I am super guilty of this one. I’m nothing particularly special and so I fall into the trap of believing that because I did it anyone can do it. I think in terms of intellectual ability this is true as I’m no smarter than anyone else, but I also have a super supportive husband, no kids and research funding. Those things open doors and enable me to have the time to focus on things I want to achieve, whilst feeling supported to do so. This is not the case for everyone and so everyone’s scenario is different.

When you look every year on the day that FRCPath results come out, you see way more people posting that they have passed than those who post they have failed. People hardly ever post to say they failed their PhD viva’s or have come out with an MRes instead. It is worth therefore being wary of using the evidence before your eyes in terms of evaluating how many people actually succeed. I think when I took FRCPath the pass rate was about 40% and for my NIHR Fellowships it has been even less some years, not the 80 – 90% you’d extrapolate from what you see. Making career choices on the basis of this is pretty dangerous. It sounds easy therefore to say you should meet up and speak to people to understand what the reality is. That is sometimes easier than it sounds, not everyone will know someone who has been interviewed for an NIHR Fellowship for instance. We don’t want to limit ourselves and others by saying if you don’t have the connections you can’t strive for the opportunity. What we do need to do is make it easier to see the reality of those options and also make ourselves available for the conversation about what it felt like to attempt it. If we are going to celebrate our successes publicly we should also try to be generous with our time in order to make the same opportunities more widely accessible, with all the context specific information that entails.

You don’t have to take on board all that you hear

That said we’re scientists and healthcare professionals and should be able to look at information available and critically evaluate it. It is easy to get bogged down and not to be able to see the woods for the trees, you’ll get offered so many different opinions and perspectives that it can sometimes be hard to work out whose voice to listen to. Not all of those voices should however have equal value, some you will know more context specific information about than others. When I’m in doubt, when I start to spiral, or when people are critical I tell myself the advice below and then re-evaluate what I’m hearing in light of my relationship and the content of the advice received.

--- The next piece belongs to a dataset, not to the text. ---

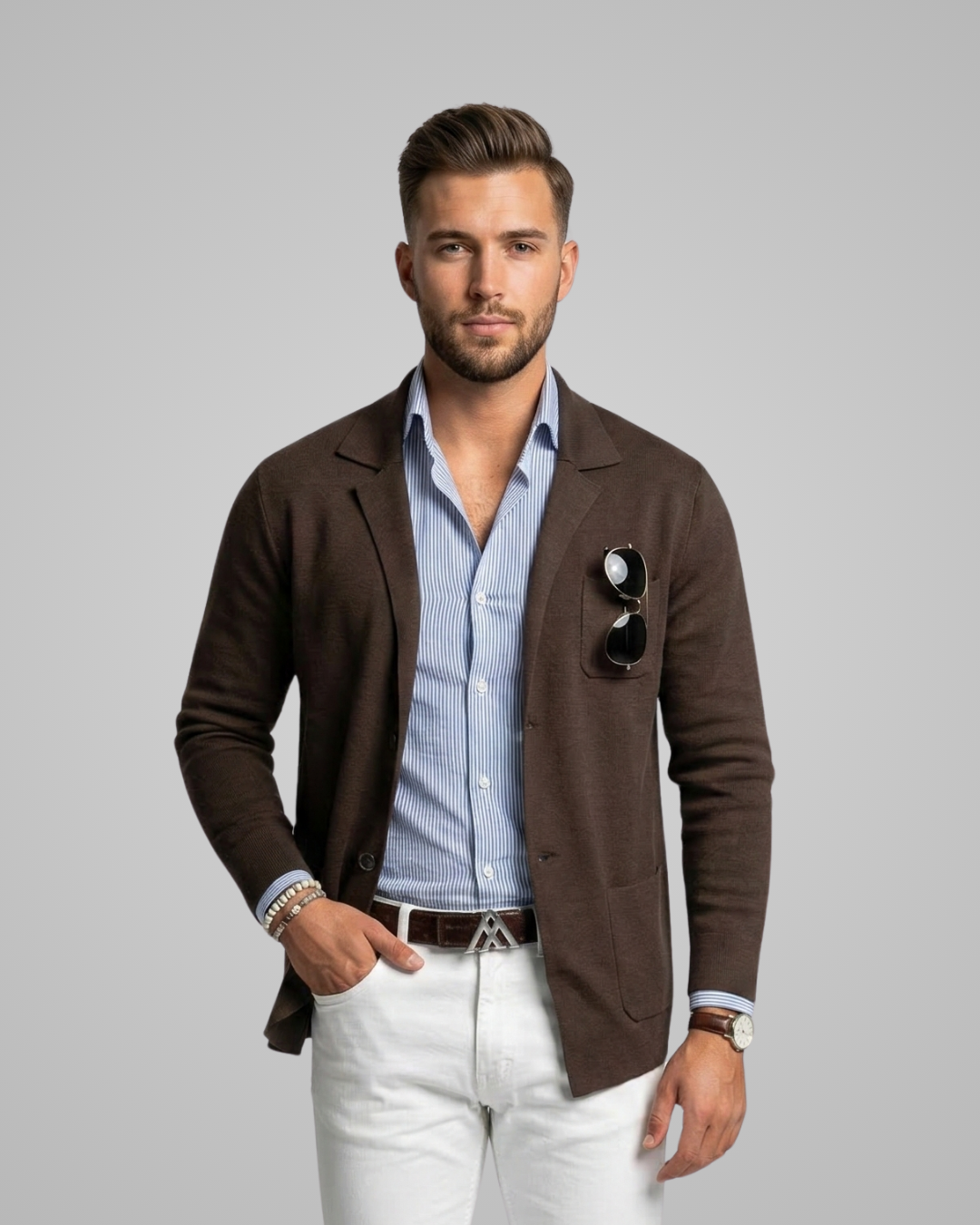 Man wearing a brown blazer over a blue shirt with sunglasses on a gray background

Finally, the other things are more about my own expectation setting. I try to remember why I set up my twitter account and what I was trying to achieve with it. My account is mainly professional, although I also like to share who I am a person, as I think that’s important. It is not my personal account which I maintain on Facebook for checking in on my family and use an occasional safe space to vent. If my Facebook friends have science questions I direct them to Dr Cloutman-Green on twitter because I like to have a safe space elsewhere where I’m not Dr or being reviewed or critiqued. I go back to this when I struggle with dealing with managing my posts or feeling low. I remember the lens through which I am supposed to be viewing the information. I also know that when I’m tired and in a place where my inner critic is running wild, that it is not the time to engage and to take a break, get some sleep and come back when I feel more like myself.

Social media, like most things in life, can be a double edged sword. It has the power to connect and inspire, it also has the potential to isolate and feed our inner demons. Like any adventure it’s therefore worth being prepared and ensuring that you know why you set out and what you want to get out of it. In times of stress know when to walk away and at the end of the day, know that you have friends who can act as a more rounded sounding board if they are not limited to 280 characters, they may even have gin.